[Material to process]

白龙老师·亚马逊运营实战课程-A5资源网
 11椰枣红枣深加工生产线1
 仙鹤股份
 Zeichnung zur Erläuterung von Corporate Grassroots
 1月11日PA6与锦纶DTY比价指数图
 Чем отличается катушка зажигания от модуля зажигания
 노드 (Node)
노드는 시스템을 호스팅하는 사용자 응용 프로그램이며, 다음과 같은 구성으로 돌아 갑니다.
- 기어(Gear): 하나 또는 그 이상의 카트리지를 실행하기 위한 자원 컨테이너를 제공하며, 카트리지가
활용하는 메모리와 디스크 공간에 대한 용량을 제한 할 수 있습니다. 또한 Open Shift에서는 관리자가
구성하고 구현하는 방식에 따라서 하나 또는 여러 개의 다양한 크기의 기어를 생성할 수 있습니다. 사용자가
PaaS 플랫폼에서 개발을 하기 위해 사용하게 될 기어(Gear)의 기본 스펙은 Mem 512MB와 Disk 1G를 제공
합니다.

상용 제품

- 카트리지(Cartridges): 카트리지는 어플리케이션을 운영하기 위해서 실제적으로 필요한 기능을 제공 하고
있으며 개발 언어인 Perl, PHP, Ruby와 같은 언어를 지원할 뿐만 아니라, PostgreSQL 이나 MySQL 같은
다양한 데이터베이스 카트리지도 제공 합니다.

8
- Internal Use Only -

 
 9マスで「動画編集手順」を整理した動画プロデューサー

[/Material to process]

__Work required__
Pull each line containing the word "있습니다" out of the data above.

__Answer__
활용하는 메모리와 디스크 공간에 대한 용량을 제한 할 수 있습니다. 또한 Open Shift에서는 관리자가
구성하고 구현하는 방식에 따라서 하나 또는 여러 개의 다양한 크기의 기어를 생성할 수 있습니다. 사용자가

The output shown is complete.